Molo_Parko wrote: ^ Not if one doesn't make world maps in Freeciv! And no WrapY. No polar issues that way.
I didn't get what you mean here. There are always polar issues, the only choice is which ones you accept.

Molo_Parko wrote: English is a mess, yes. But it's fun! Anyone can make-up ridiculous words, and once others start using them, they can become "official" (appearing in some dictionary)! Sort of like Freeciv scenario worlds. :)
I prefer French. We have our nice ways to play with words.

Molo_Parko wrote: The NetCDF format isn't an image. You could convert your image pixel x,y to longitudes and latitudes, then pull the corresponding depth/elevation values from the NetCDF files, average the area that matches the Freeciv tile coordinates and set the terrain type per tile.
A lot of work, to find out it was not what i wanted ? No thanks. At least, an image shows immediate information so i know if it's suitable or not.

Molo_Parko wrote: The "GreenMarble" tiff is only 12 MB! Here it is as a 16 MB png :lol: : https://www.sendspace.com/file/krsh84
It's just a color map image. What am i supposed to do with that ?

Molo_Parko wrote: The web map service is at least a working link to the dataset. Working links seem to be in very short supply for global imaging datasets these days. I wish that they would allow querying an area by coordinate boundaries, then return an averaged value for both land cover and depth/height. If a Freeciv map is at a 1:1,000,000 tile-to-pixel ratio, it would save from having to download 999,997 more bytes than necessary for each Freeciv tile. But no averaged response is available anywhere, apparently. I'm really quite surprised that the mapping community hasn't -already- done this for scaled maps.
I have several 200MB data files and more, all that to produce a map file that will be half a MB at best. But who cares about that these days ;)

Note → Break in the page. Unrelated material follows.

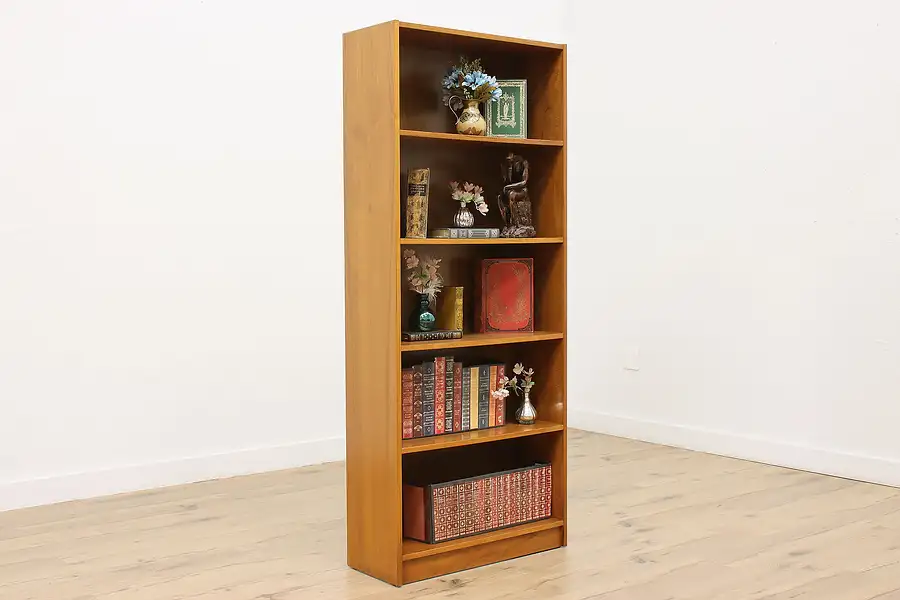 Main image of Midcentury Modern Vintage Teak Library Bookcase & Display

Molo_Parko wrote: A signed 2 byte value uses 1 of 8 bits (from one of two bytes) to indicate negative or positive, leaving only 7 bits for the numeric value of the first byte. Two bytes per pixel increases the range of the possible data value per pixel (like 16 bit grayscale, or 8 bit grayscale with alpha channel for transparency.) Two 8 bit byte numeric values range from 0 to 65,535 (256*256=65,536.) The byte that has the sign (boolean positive/negative) only has 7 bits left for numeric value, so the value of the byte with the sign bit ranges from 0 to 127, while the value of the other byte in the 2-byte pair still ranges from 0 to 255. 128*256=32768 and the "sign bit" indicates either positive or negative, or in this case elevation or depth.
Ahem. There is a little problem here. :roll:
I didn't want you to explain me how signed 16-bit words work ; actually 2's complement data doesn't even work this way. For your information, there isn't sign+value. Range 32768 to 65535 is actually -32768 to -1 ; 128 to 255 is -128 to -1 for single byte.

What i want is how they could possibly get that single-byte value. THAT is the question. 32000 meters is large enough ; 128 or 256 obviously not. Should we just divide that value by 256 ? Impossible. The 8-bit value is unsigned. I need to know how much one unit represents for this value.